Caption-style text data
◇ ◇ ◇ ◇ ◇ ◇ ◇

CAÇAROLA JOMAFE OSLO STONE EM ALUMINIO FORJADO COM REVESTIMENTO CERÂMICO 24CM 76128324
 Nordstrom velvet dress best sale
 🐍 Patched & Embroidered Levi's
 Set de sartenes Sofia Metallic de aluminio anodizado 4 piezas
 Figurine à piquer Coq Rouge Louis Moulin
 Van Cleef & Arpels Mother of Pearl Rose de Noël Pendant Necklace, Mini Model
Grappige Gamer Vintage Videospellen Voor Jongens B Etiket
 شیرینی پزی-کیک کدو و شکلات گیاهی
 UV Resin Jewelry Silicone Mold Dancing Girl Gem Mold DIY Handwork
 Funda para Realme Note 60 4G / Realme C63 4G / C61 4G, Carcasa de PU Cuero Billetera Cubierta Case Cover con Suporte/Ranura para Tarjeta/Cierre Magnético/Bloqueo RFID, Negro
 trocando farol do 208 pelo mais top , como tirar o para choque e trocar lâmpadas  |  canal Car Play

◇ ◇ ◇ ◇ ◇ ◇ ◇

PROBLEM:
The exact wording of every entry above should be written out again.

RESPONSE FOR THIS EXERCISE:
CAÇAROLA JOMAFE OSLO STONE EM ALUMINIO FORJADO COM REVESTIMENTO CERÂMICO 24CM 76128324
 Nordstrom velvet dress best sale
 🐍 Patched & Embroidered Levi's
 Set de sartenes Sofia Metallic de aluminio anodizado 4 piezas
 Figurine à piquer Coq Rouge Louis Moulin
 Van Cleef & Arpels Mother of Pearl Rose de Noël Pendant Necklace, Mini Model
Grappige Gamer Vintage Videospellen Voor Jongens B Etiket
 شیرینی پزی-کیک کدو و شکلات گیاهی
 UV Resin Jewelry Silicone Mold Dancing Girl Gem Mold DIY Handwork
 Funda para Realme Note 60 4G / Realme C63 4G / C61 4G, Carcasa de PU Cuero Billetera Cubierta Case Cover con Suporte/Ranura para Tarjeta/Cierre Magnético/Bloqueo RFID, Negro
 trocando farol do 208 pelo mais top , como tirar o para choque e trocar lâmpadas  |  canal Car Play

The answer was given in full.